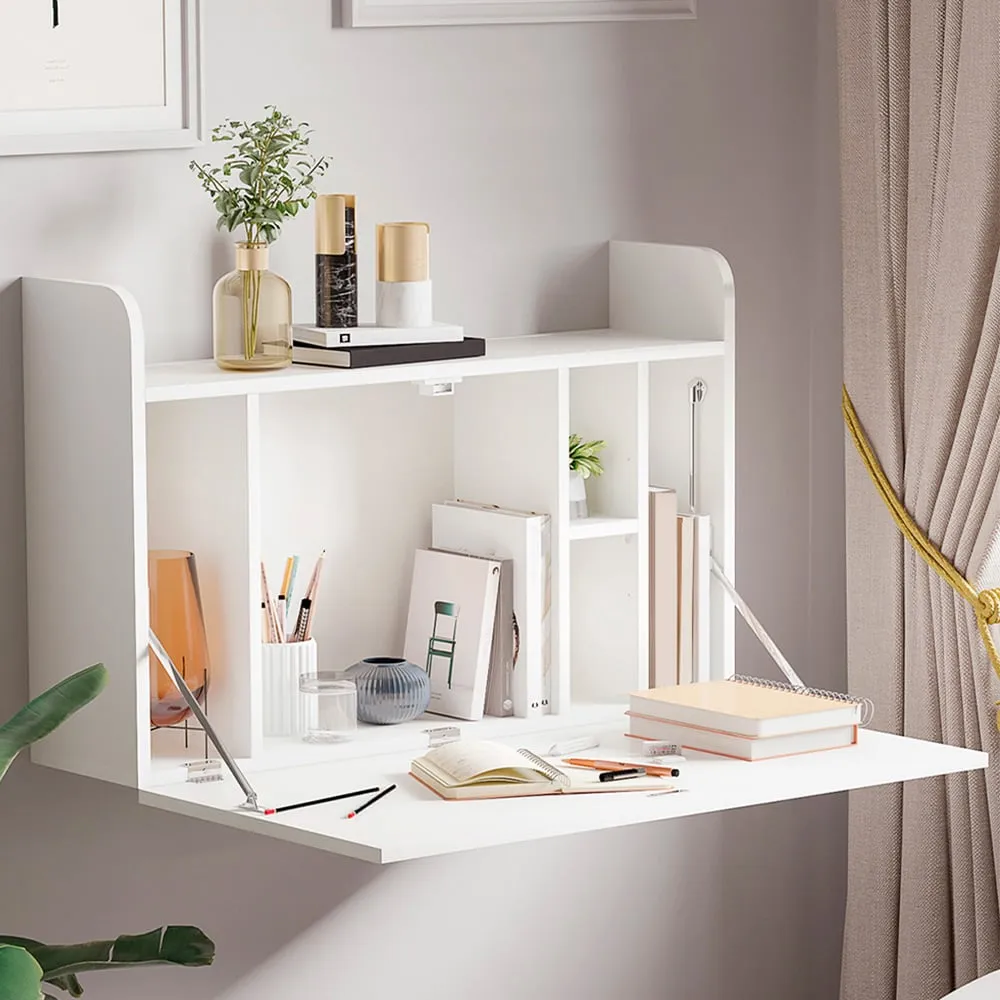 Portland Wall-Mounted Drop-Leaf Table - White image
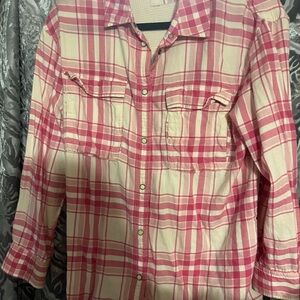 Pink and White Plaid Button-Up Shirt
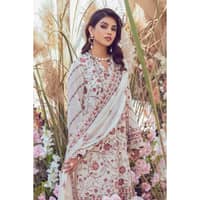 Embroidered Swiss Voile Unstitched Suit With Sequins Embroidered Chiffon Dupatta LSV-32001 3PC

PROBLEM DETAILS: Starting at the line that contains "Pink and White Plaid Button-Up Shirt", retype every line through the end of the material exactly as written, including both end lines but no pictures.

ANSWER BOX:
 Pink and White Plaid Button-Up Shirt
 Embroidered Swiss Voile Unstitched Suit With Sequins Embroidered Chiffon Dupatta LSV-32001 3PC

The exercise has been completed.